Heather Kanazawa still remembers the way the cool, crisp blues cut through formations of trees in the woods. Or the way the ripples in the water looked on a cool spring day. In her paintings, both memory and process serve as key elements. She is able to thoroughly memorize these past memories in order to investigate them, providing descriptive imagery.
Kanazawa's paintings are studies of memory and place. Her work mainly is abstraction, because she feels that most memories are simply recordings of colors, textures, or sounds. she develops them, adding and subtracting paint, scraping, taking away, and playing with color and texture. It is through this process that the work begins to develop and feel fully realized. Kanazawa works intuitively and lets the act of painting guide her through each step. It is through this process that she is able to convey a sense of depth in her work. Her goal is for the painting to take on it's own voice and, in essence, to become another place other than the initial trace of memory.

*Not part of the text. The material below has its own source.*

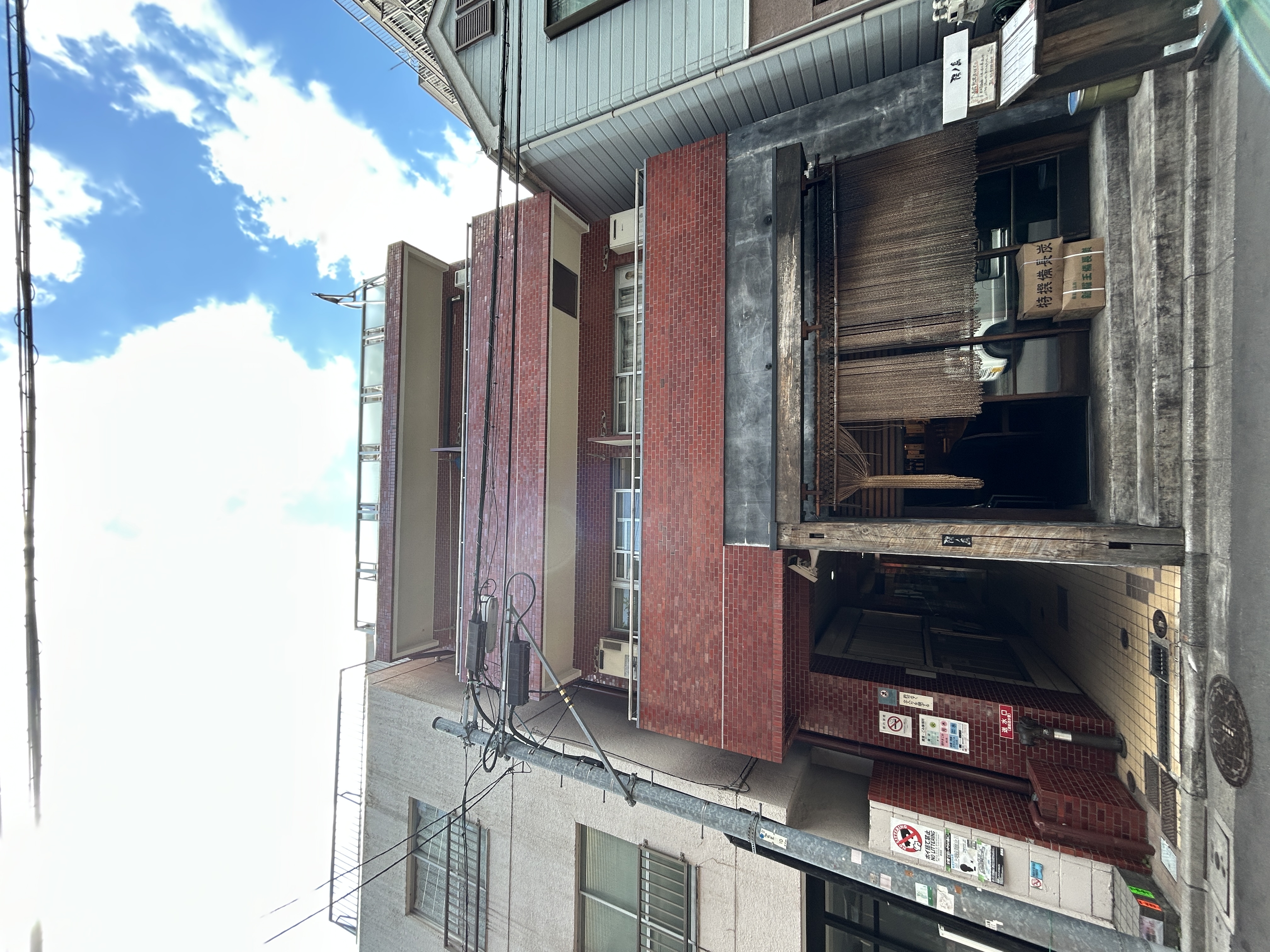 キャッスルマンション西新宿の外観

Recent paintings are documentations of travel, particularly of time spent in Japan and the influence of Japanese life. Kanazawa seeks to record feelings and emotions, as well as essential moments of being and existence in a culture infused by the idea of “Zen” and meditation, as well as the fast-paced atmosphere of daily work life embedded in the culture.
About Heather Kanazawa
Kanazawa was born in Pittsburgh PA in 1984. She received her BFA in 2007 and her MA in Art Education in 2011 from Edinboro University. Recent exhibitions took place at Glass Growers Gallery in Erie PA, Crary Art Gallery in Warren PA, and the Wellsville Creative Arts Center in Wellsville NY. She currently lives in Edinboro Pennsylvania.